Many people fail to navigate retirement planning the right way, consequently finding themselves just a few years shy of retirement and still without enough funds for the remaining years of their life. This can be a great source of stress, so if you find yourself guilty of common retirement planning mistakes, finding the best solutions for them is a must while you have time.
Rounded up below are five of the most common retirement planning mistakes and the solutions financial strategists recommend for them.
- Started saving late.
The ideal time for retirement planning to start is the moment you get your first job. However, if you’re like many who didn’t think of retirement until you hit your 30s, then it’s most likely that you’re still a long way from your ideal total. One of the best solutions for this is to increase your income – find opportunities that will not just help you augment finances but also grow the amount of money that you can direct to your retirement fund. With whatever extra time you have, strive to earn more. Also, instead of using your bonuses for splurges, direct those to your retirement fund to reduce the distance between your current savings and your target amount.
- Spent too much money.
Money wasted is money lost – there’s no undoing this unless you can part with possessions or sources of “convenience and joy.” Think about all the things you have and their true value in your life. Do you really need a third car? Do you need to maintain the swimming pool? Do you need the pool table in the rec room? Do you need 20 fishing rods or all the tools in your garage? You can recover some money lost by selling some possessions and putting sales into your retirement fund. Doing this won’t be enough, but it will bring growth to your retirement fund.

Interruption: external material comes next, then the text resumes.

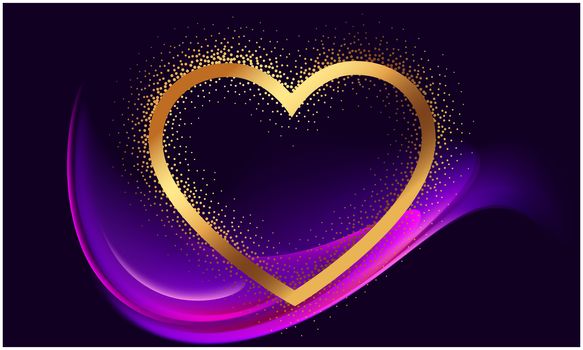 gold heart on abstract wave backgrounds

- Relying too much on Social Security and company pension plans.
Believing that someone else will take care of retirement for you is dangerous – there’s no certainty in what others will do for your sake. What you should do while you still have time (no matter how little it is) is to take matters into your own hands and seek the guidance of a financial adviser.
- Underestimating health care requirements.
If you’ve been relying solely on your company to cover your healthcare, you better stop because the common scenario is that companies only cover a small portion of it and you can still end up paying a huge amount of money should you need health care services during retirement. Financial advisers say you can still buy long-term care insurance in your 50s or 60s to cover this risk.
- You believe you’ll still work after retirement.
The idea of pulling a Robert De Niro in “The Intern” seems nice, but just because you want that doesn’t mean you’ll be physically up to it. Don’t bank too much on the idea of still working after retirement by exploring a different career or launching your own business; you need to consider your health and the cost of maintaining it. If you really want to continue earning after retirement, financial advisers say, find investments that will have your money working for you instead of you working for money. Passive income opportunities are your best options.